Di Indonesia sendiri pertumbuhan e-commerce mencapai 50% di kuartal 4, 2012 dibanding tahun sebelumnya dengan total perputaran uang mencapai Rp 10 triliun, sedangkan tingkat penjualan online diperkirakan terus meningkat 15% di kuartal 1 tahun 2013 ini.
“Sekarang selain mencari toko (retail) secara fisik, konsumen juga akan mencari di digital. Ini karena selain domestik people, global people pun mencari hal yang serupa untuk mencari informasi produk dan harga yang menarik (murah dan berkualitas) melalui website dan sosial media.” kata Pudjianto.

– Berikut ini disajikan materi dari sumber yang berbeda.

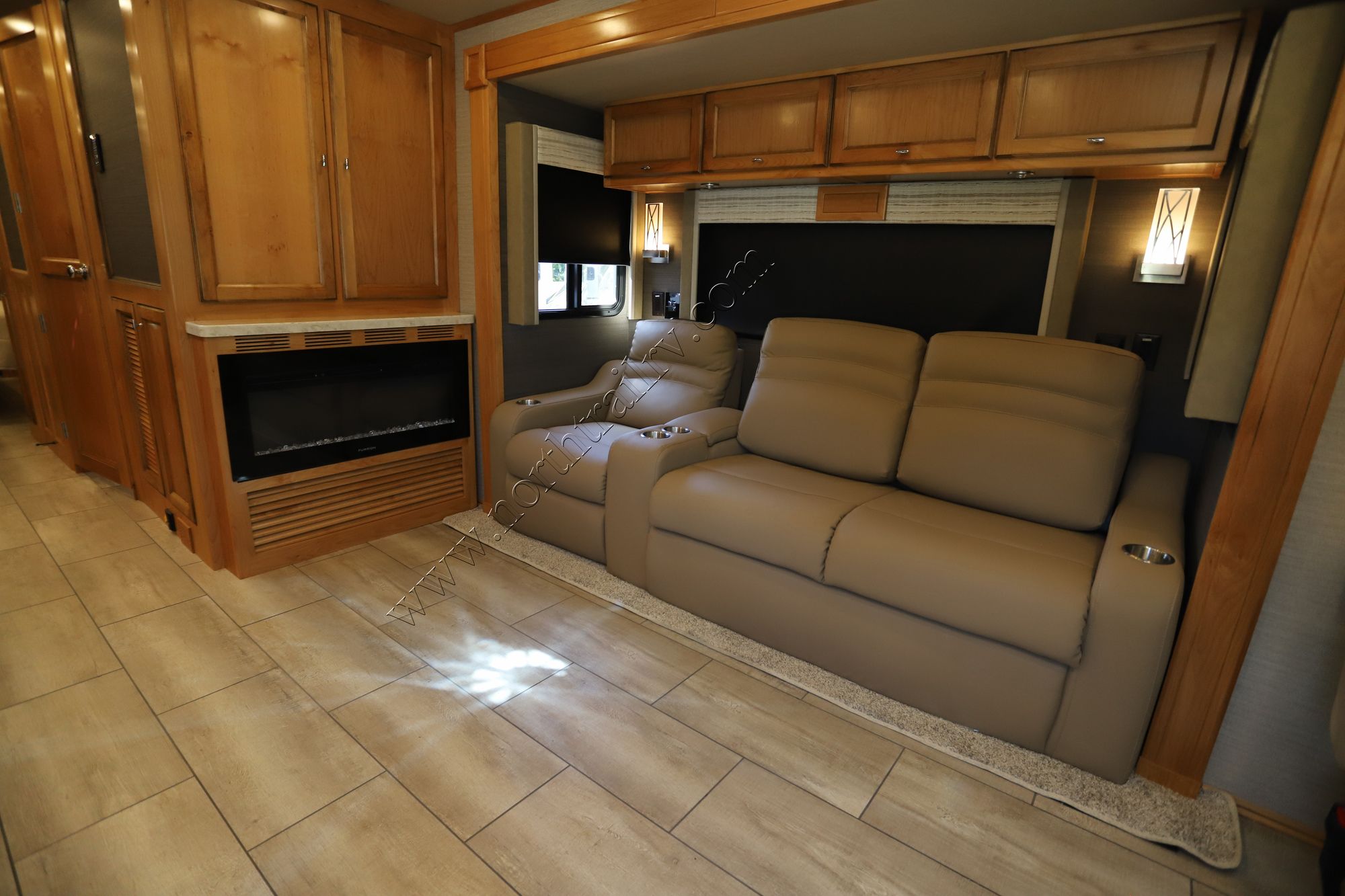 New 2022 Tiffin Motor Homes Allegro 34PA Class A  For Sale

Sejurus dengan hal tersebut, peran teknologi digadang mampu untuk menaikkan brand retail ke level global, seperti yang dicontohkan wal-mart melalui mobile phone untuk aplikasi e-commerce, dan lainnya. Karenanya, Pudjianto menyakini, trend retail global termasuk di Indonesia akan mengarah fokus di perdagangan secara online (e-commerce). “Era kita sudah berubah, perkembangan teknologi juga mempengaruhi operasional bisnis retail,” katanya.
Menurut Pudjianto, ritel Indonesia kemungkinan besar akan masuk ke konsep yang baru, yaitu store without store. “sebenarnya hal ini sudah mulai sejak lima tahun yang lalu, walau intensitas dan perkembangannya masih kecil namun diperkirakan akan semakin massive digunakan sebagai sebuah media transaksi (e-commerce).”
Konsep ini memang mempermudah konsumen dengan pembelian barang yang bisa dilakukan secara online dan barang diantar langsung, sehingga konsumen tidak perlu datang ke outlet atau gerai. “Namun penjualan secara online juga memiliki kendala, misalnya barang fashion, mungkin bisa dijual melalui e-commerce. Tapi penjualan barang – barang kebutuhan sehari – hari sulit dilakukan mengingat marjin produk ini jenis ini lebih tipis. Kalau yang groceries marjin tipis. Mau tidak mau yang bisa melakukan itu adalah yang punya jaringan dan modal besar,” katanya.